Mi balance de 2014

Frederich E Berges
Frederich E Berges

Llegamos a los días finales de este viaje alrededor del sol llamado año calendario, viaje este que no ha sido fácil, pero tampoco el más difícil. Usualmente para esta época, aquellos que habitualmente escribimos artículos de opinión en los periódicos, usamos estas fechas para repasar los hechos que consideramos más prominentes, en un ejercicio de recordación y análisis.

En lo político se destaca la alta ponderación favorable que el país le concede al presidente Danilo Medina, cuyo mandato es caracterizado por formas de gran agrado debido a su cercanía a la población y sus medidas de gobierno, las cuales son interpretadas como altamente favorables.

Tal ha sido el caso del manejo de la sentencia 168-13 sobre inmigración o la reforma reciente al Código Penal.

Mientras la oposición, centrada en los hijos del PRD, continúa con su ya acostumbrada desorganización.
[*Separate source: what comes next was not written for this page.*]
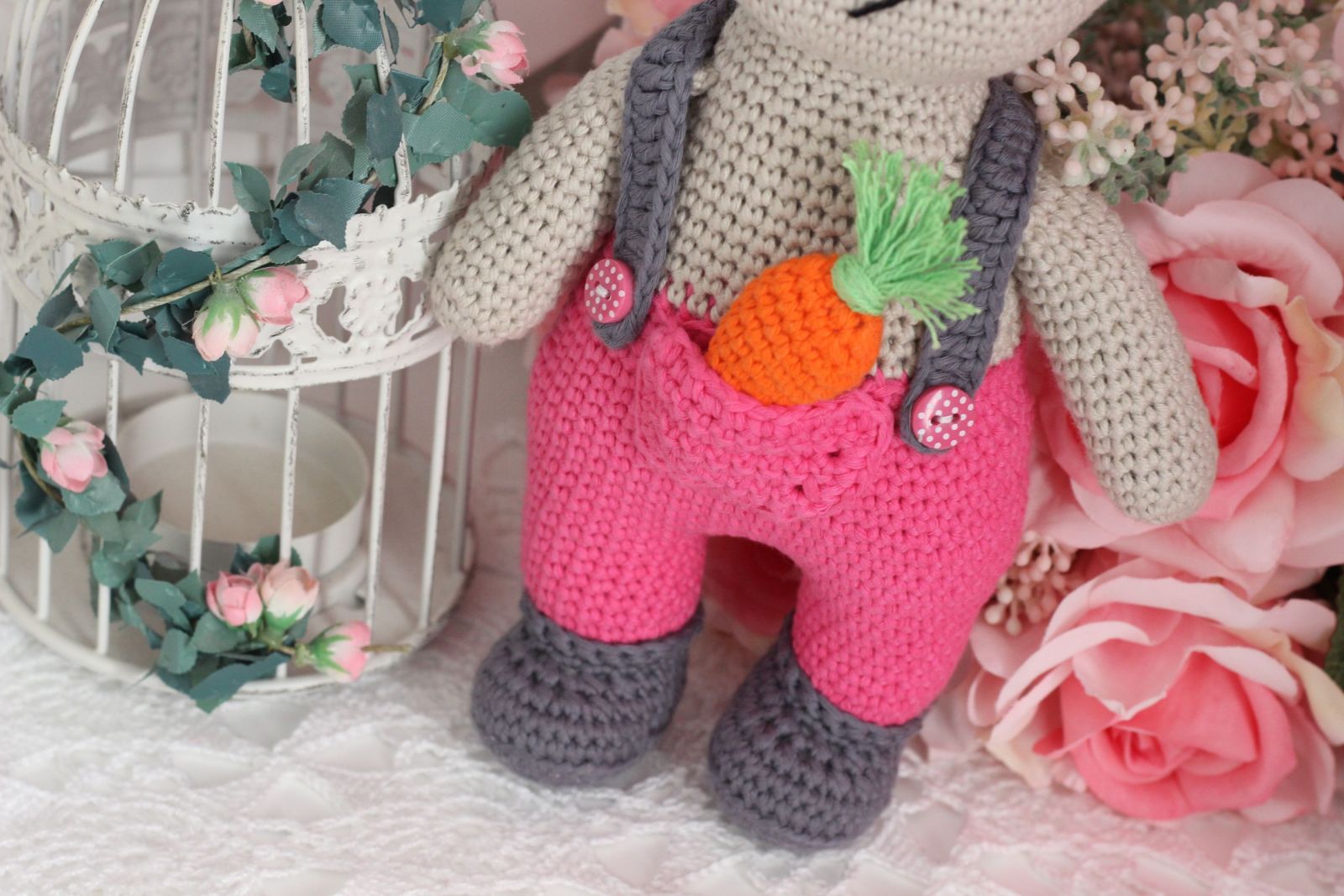 Blog content image for 'Free Crochet Pattern for Bunny'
Otros esperan con gran vocación el curso de los vientos.

En cuanto a lo económico, satisface la estabilidad macroeconómica y fortaleza del peso, aunque ello sea a costa de un endeudamiento público cada vez más creciente.

La situación fiscal no mejora, hecho evidenciado por la renuencia de reducir el ITBIS al 16%, aunque aliviada por la caída en los precios de los hidrocarburos.
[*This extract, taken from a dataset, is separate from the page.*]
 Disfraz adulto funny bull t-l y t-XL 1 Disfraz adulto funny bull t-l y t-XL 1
Lo social continúa con pocas variaciones, siendo el país cada vez más el refugio del vecino desesperanzado por el desorden en su país, y nuestra incapacidad para lograr que los avances económicos experimentados hasta la fecha, o al menos en las cifras oficiales, les llegue a los estratos socioeconómicos más bajos. Por igual, reina la percepción en cuanto al equilibrio de la justicia, que a pocos satisface.

En fin, cerramos un año 2014 con sus altas y bajas, pero profundamente esperanzados que los próximos 365 días nos traerán un mayor desarrollo social, continuidad en la estabilidad económica, y un futuro político más despejado. ¡Feliz año nuevo a todos!